Secondo una sua esplicitazione, esso afferma che in "in una qualsiasi riflessione etico-normativa bisogna assumere tutti i dati empirici moralmente rilevanti di un problema, tutti i valori o non valori in gioco, come anche, ovviamente, gli interessi, le attese, i bisogni di tutte le persone coinvolte o le conseguenze previste, o prevedibili, tutte quelle che, direttamente o indirettamente, immediatamente o a distanza di tempo, possano ripercuotersi anche su una sola persona".
Viene così espresso in termini empirici quanto il criterio della universalizzabilità delle scelte esprime in termini astratti: la classica regola d'oro dell'etica normativa.
In effetti, è facile constatare che gli ordinamenti legislativi contemporanei tendono a autolimitarsi nella direzione del principio di imparzialità: nel diritto internazionale, con le varie dichiarazioni inerenti ai diritti umani; nel diritto interno, con la ratifica di tali dichiarazioni e di altri atti internazionali e/o ponendo principi normativi fondamentali nelle costituzioni nazionali e nel diritto sovranazionale.
I contenuti normativi così introdotti si collocano ai vertici della gerarchia normativa, sicché valgono a stabilizzare la variabilità delle regole. Per questa via, si realizza - nel tempo - un'opera di pedagogia sociale che aumenta la consapevolezza dei soggetti del diritto (o di coloro che possono interpretarne i bisogni) anche se in atto esclusi dal movimento di integrazione coesistenziale prodotto dalla applicazione del diritto.
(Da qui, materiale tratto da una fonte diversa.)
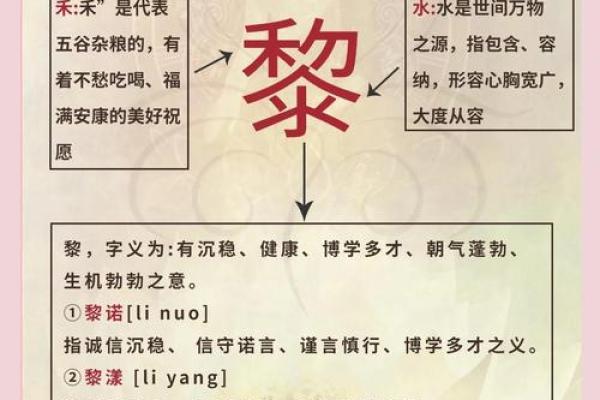 如何根据命里不缺金为孩子取个好名字？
Inoltre - nel tempo - trova modo di affermarsi l'idea che in tanto il patto sociale è valido in quanto si possa "plausibilmente presumere che tutti gli esclusi, i non garantiti, i paria del mondo, i sofferenti potrebbero sottoscriverlo" .
Come è stato osservato: "se è necessario un biodiritto, bisogna che esso garantisca che l’intersoggettività sociale si dispieghi nelle forme della reciproca e simmetrica accoglienza". Nelle materie rilevanti per la bioetica "le sole leggi, non supportate dal diritto, possono risolvere i singoli casi per cui sono state pensate ed emanata, ma se non riposano su criteri giuridici coerenti e rigorosi, non potranno mai adeguatamente fronteggiare la complessità dei casi che la realtà continuamente crea (…) sta mancando al legislatore l'apporto e il supporto indispensabile della scienza giuridica, intesa come forma di conoscenza autonoma, raccordata, ma non subordinata ad altre dimensioni della conoscenza e in particolare della conoscenza morale".
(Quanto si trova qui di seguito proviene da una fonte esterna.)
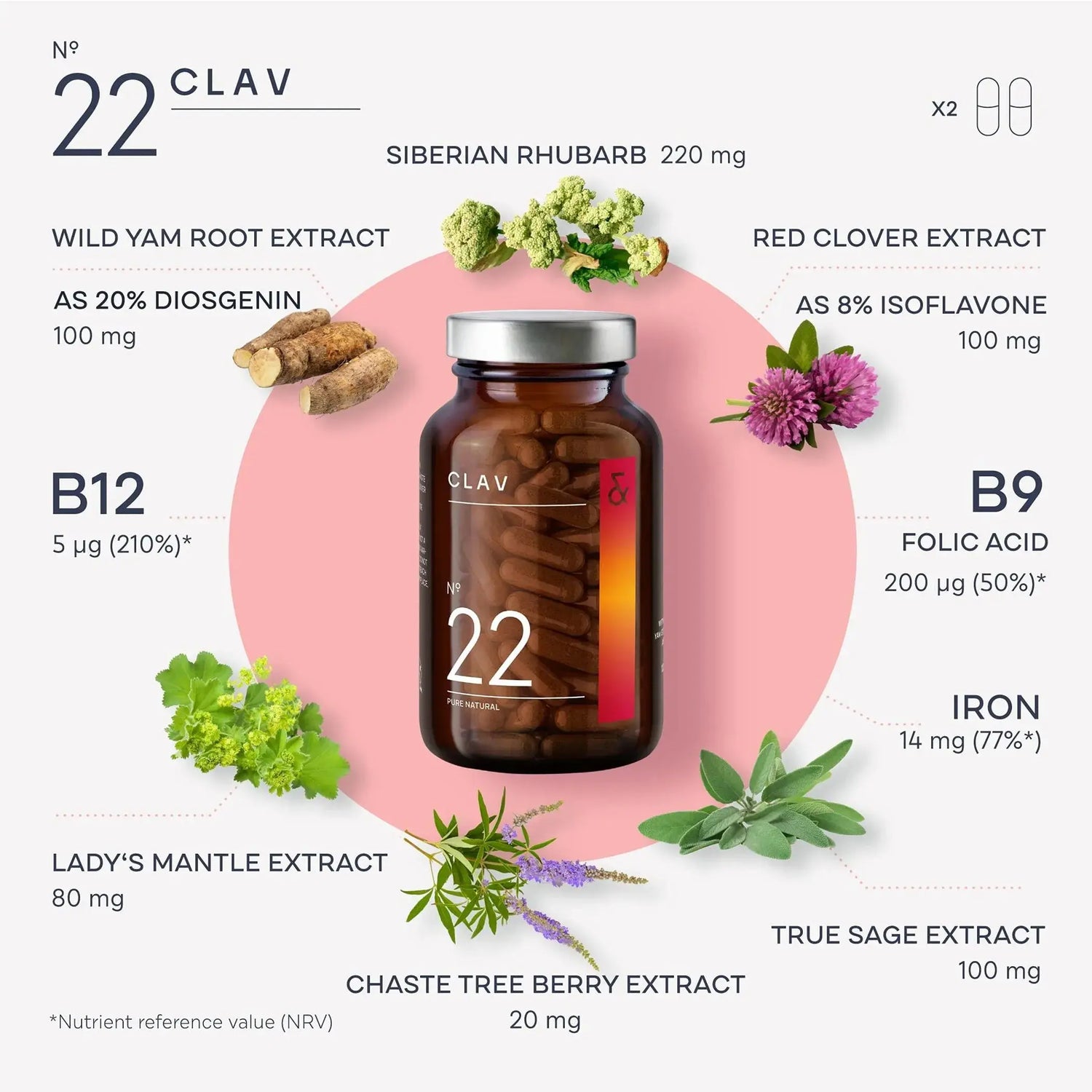 Natural Hormone Balance for Women PMS Relief with Siberian Rhubarb Wild Yam &amp; Vitex Berry Vegan Menstrual Regulator Supplement 120 Capsules Clav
Mancano teorie giuridiche che consentano di non attribuire valenza meramente episodica alle scelte legislative e agli indirizzi amministrativi incidenti nel campo bioetico.
Inoltre, poiché i suoi contenuti possono apparire contigui a quelli della bioetica, il biodiritto rischia di lanciarsi in avventure legiferative nella foresta delle coscienze individuali, imprese probabilmente destinate al fallimento a causa della ingenua (e inefficace) pretesa di sostituire l’imposizione di regole alla spontaneità delle scelte personali, le tappe forzate (e meccanizzanti) della civilizzazione ai tempi naturali (e ondivaghi) della elaborazione culturale e spirituale.
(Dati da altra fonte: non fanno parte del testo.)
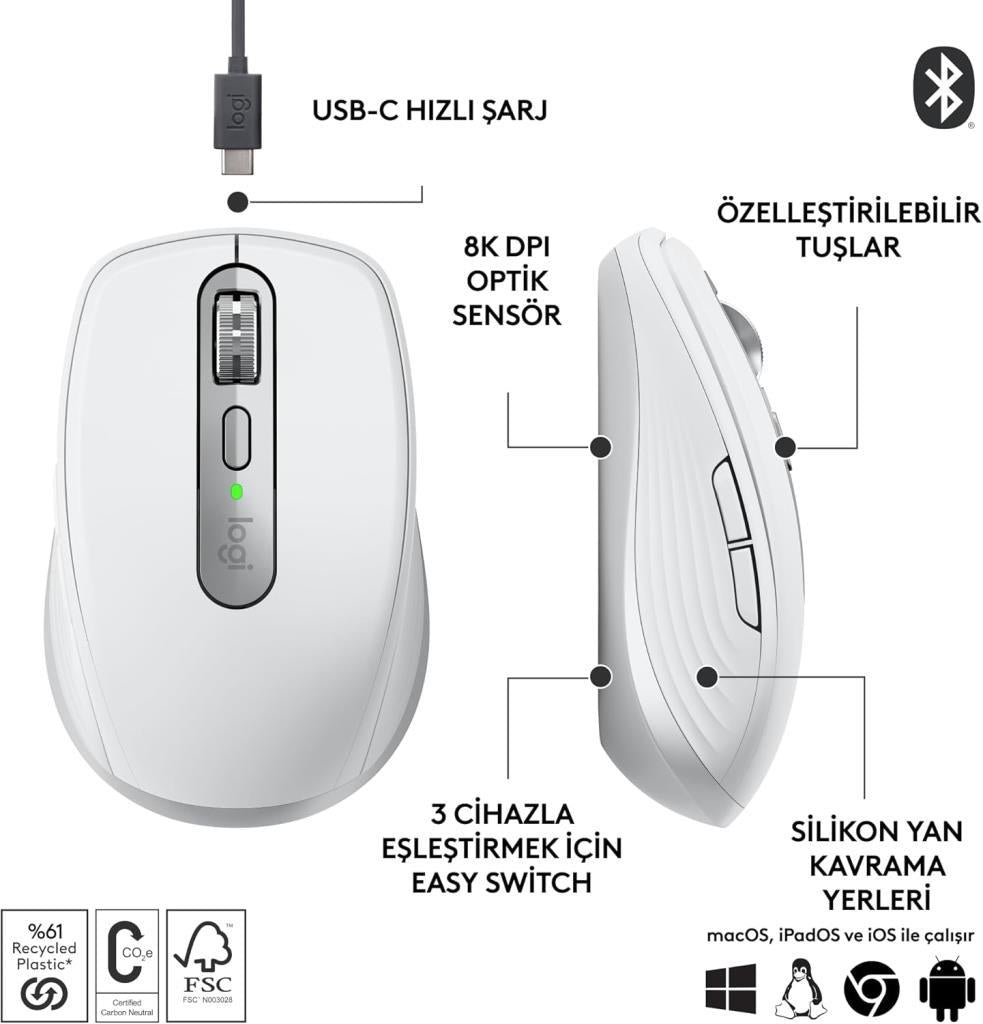Logitech MX Anywhere 3S 910-006930 Beyaz Şarjlı Lazer Kablosuz Mouse - Teşhir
Si riesprime in tal modo "l’erroneo preconcetto che il diritto possa e debba, di per sé regolare tutte le azioni umane. Il vero è che il diritto (come fu già dimostrato) è bensì necessario ma non sufficiente per dirigere l’operare, poiché esso traccia soltanto il limite del lecito nelle relazioni tra più soggetti, ma lascia indeterminato ciò che, nell’ambito del lecito, è doveroso per ciascuno. Questa integrazione è precisamente l’ufficio della morale".
Quello che in buona misura può valere nel mondo dei traffici commerciali non vale in tutti i campi. L’imposizione di una regola giuridica nel campo dei rapporti interpersonali o delle scelte individuali più vicini alle radici etiche del comportamento umane rischia di procedure - metanomicamente - l’effetto - contrario allo scopo – di adesioni puramente formalistiche alle condotte imposte o di fraudolente evasioni dalle stesse.
1.2. La regolazione dei trapianti
Come ogni discorso, anche il discorso normativo giuridico contiene diversi livelli di presupposti.
Tre di questi costituiscono tappe essenziali per la sua comprensione.
Il primo livello è dato dalle regole: una norma che assume la veste di una regola è composta da una parte descrittiva del genere di fattispecie storiche sussumibili sotto di essa e da una parte prescrittiva delle conseguenze del ricorrere di una di tali fattispecie.
Le regole presuppongono il secondo livello, che è costituito dai princìpi. Una norma che si manifesti soltanto nella sua essenza di principio normativo non contiene la descrizione di una fattispecie normativa astratta, bensì enuncia direttamente il proprio fine.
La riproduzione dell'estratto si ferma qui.